2作品とも一般人のユーザーレビューで評価がさんざんです。
そして、両作品ともに旧作を知らない人に突っ込まれているポイントがオリジナル作品を踏襲している部分だったりします。
オリジナル作品に敬意を表して残した部分にもかかわらずそこが欠点になっているのです。
ダメな部分として指摘が多い「死刑台のエレベーター」の行き当たりばったりな若いカップルの犯罪や、「ゴースト」がラブストーリーからドタバタコメディになり、急にサスペンスになるところだってオリジナルのまんまです。
どちらもそういう荒っぽい部分を持ちながらも、なんか勢いで押し切っていて、そのインパクトの強さが作品の魅力だった気がします。
しかし、リメイクではオリジナルの持つ魅力に匹敵する武器がなかった。
だから批判されちゃうのだと思う。
その点、「十三人の刺客」をリメイクした三池崇史監督は超然としてます。
様式美すら感じさせるソリッドな見せ方が魅力的だった工藤栄一監督作品と対照的な演出をしています。
いきなりオリジナルにない暴君の犠牲になった女性を裸で登場させたりして、思い切ったエログロアプローチでどこから観ても三池作品に仕上げてます。

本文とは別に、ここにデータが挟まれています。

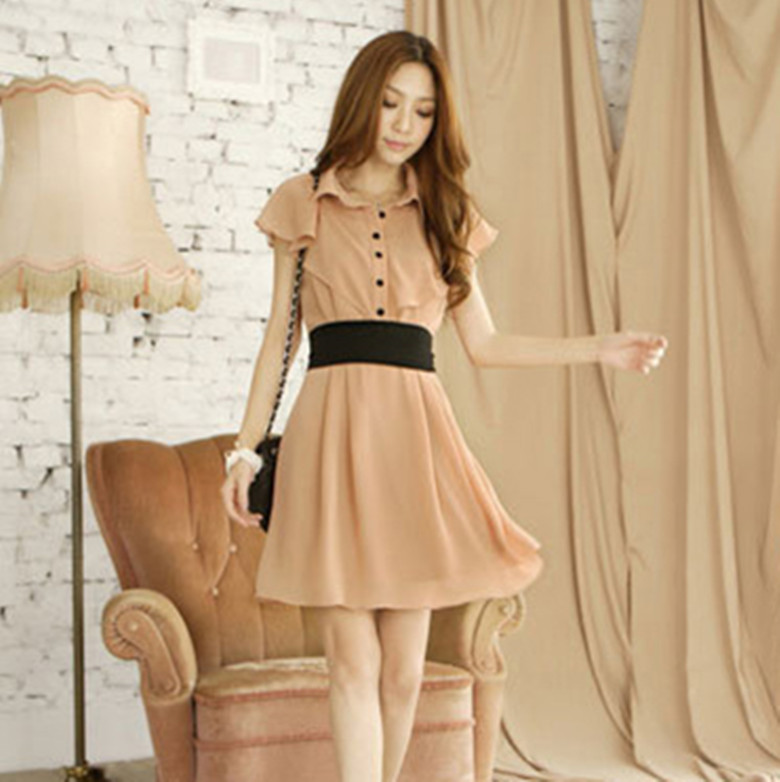 雪纺连衣裙子大码显瘦...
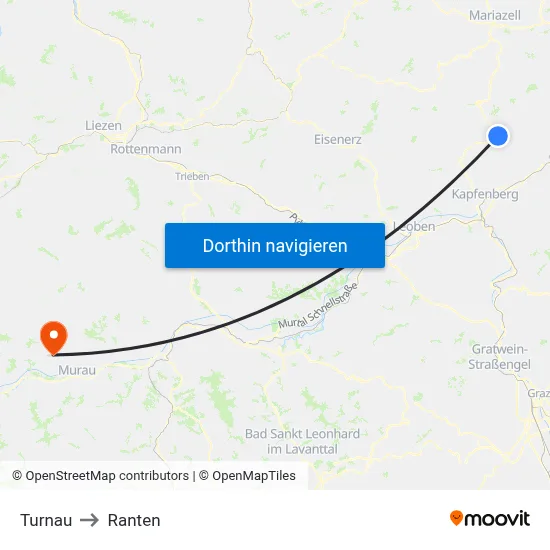 Turnau to Ranten map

名作のリメイクを成立させる近道は強力な作家性なんじゃないかと思います。
余談ですけど、今年観た作品の中では「死刑台のエレベーター」より「ゴースト」より、オリジナルに思い入れが強い「座頭市 THE LAST」の方が観ていて苦痛でした。
作家性が強かった阪本順治監督がとうてい座頭市とは呼べないこんなぬるすぎる時代劇を作ってしまったことがショックですらありました。
また来月には実写版「ヤマト」、来年には実写版「あしたのジョー」があります。
「死刑台のエレベーター」や「ゴースト」以上に自分にとって気になるこの二作は、一体どんな仕上がりになっているでしょうか?